RAUSP Management Journal (Feb 2022)
Countries’ governance and competitiveness: business environment mediating effect
Abstract
Purpose – The purpose of this study is to analyze how institutional governance and business environment affect countries’ competitiveness and their relative importance. Design/methodology/approach – In this paper, the authors analyze how institutional governance and business environment affect countries’ competitiveness, their relative importance and what are the implications for Brazil. The authors have collected data from 131 countries related to the institutional governance, business environment and competitiveness of these countries. For the analysis of the mentioned influences, the technique of partial least squares structural equations modeling is used. Findings – Results indicate that the main role in countries’ competitiveness is played by the quality of institutional governance. The quality of the business environment reinforces the positive effect of the quality of institutional governance on countries’ competitiveness (mediation effect). Brazil has poor governance quality indicators when compared to high-middle income countries, especially regarding government effectiveness, political stability and control of corruption.

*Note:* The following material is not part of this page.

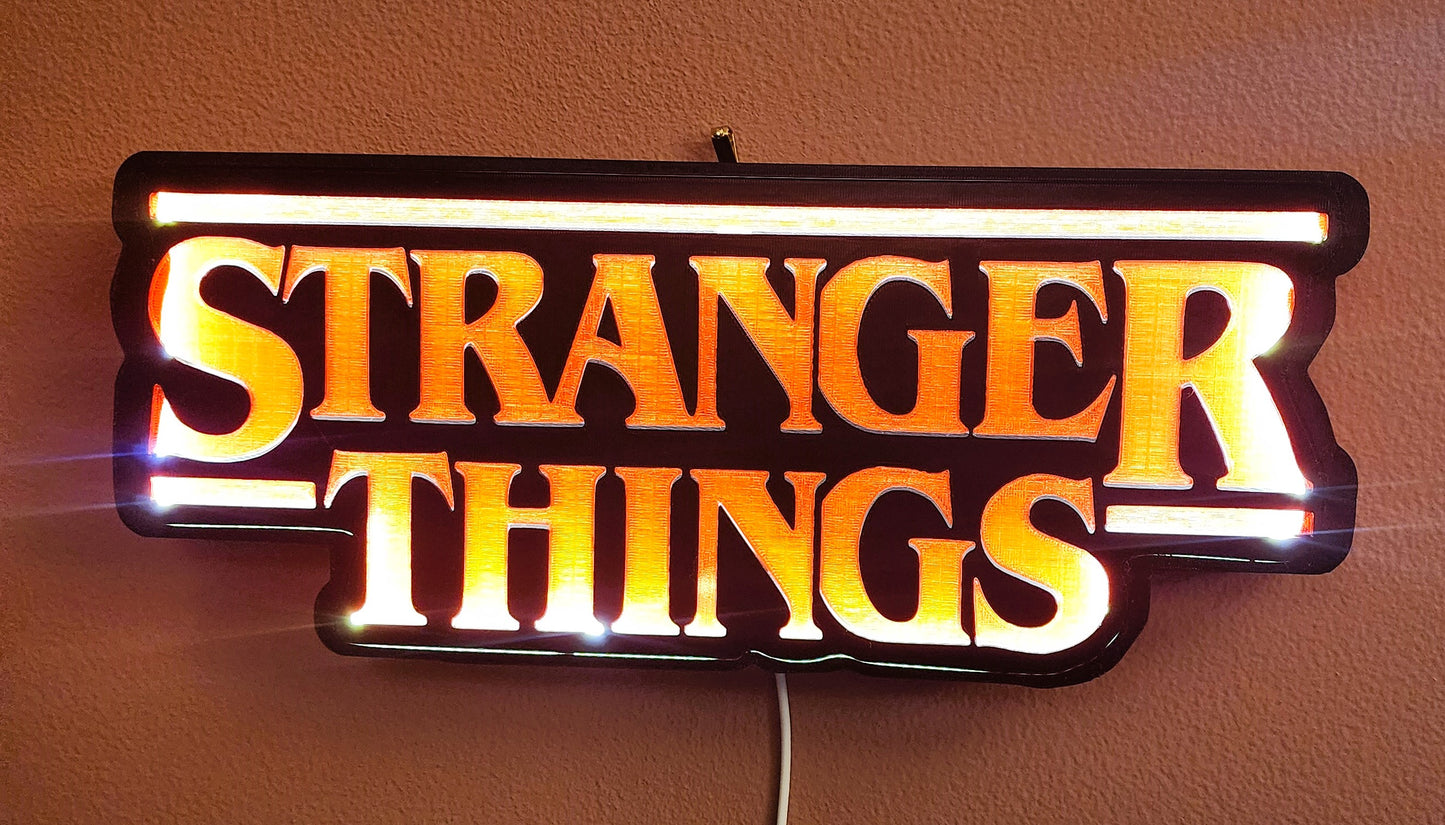 Stranger Things Lightbox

Research limitations/implications – The study provides a better understanding of the relative importance of governance quality and business environment quality for countries’ competitiveness. One limitation of this study is that the research was restricted to data related to the year 2019. Practical implications – For strategists and decision-makers, understanding these effects on countries’ competitiveness and their relative importance is fundamental to understanding what makes their companies internationally competitive. Social implications – The presence and appreciation of institutional governance quality need to be cultivated in society. Originality/value – Instead of using the original diamond model, which presents circular relationships, the authors have used the business environment construct, composed of elements of the diamond model to test the relationships between the quality of institutional governance, competitiveness and the business environment.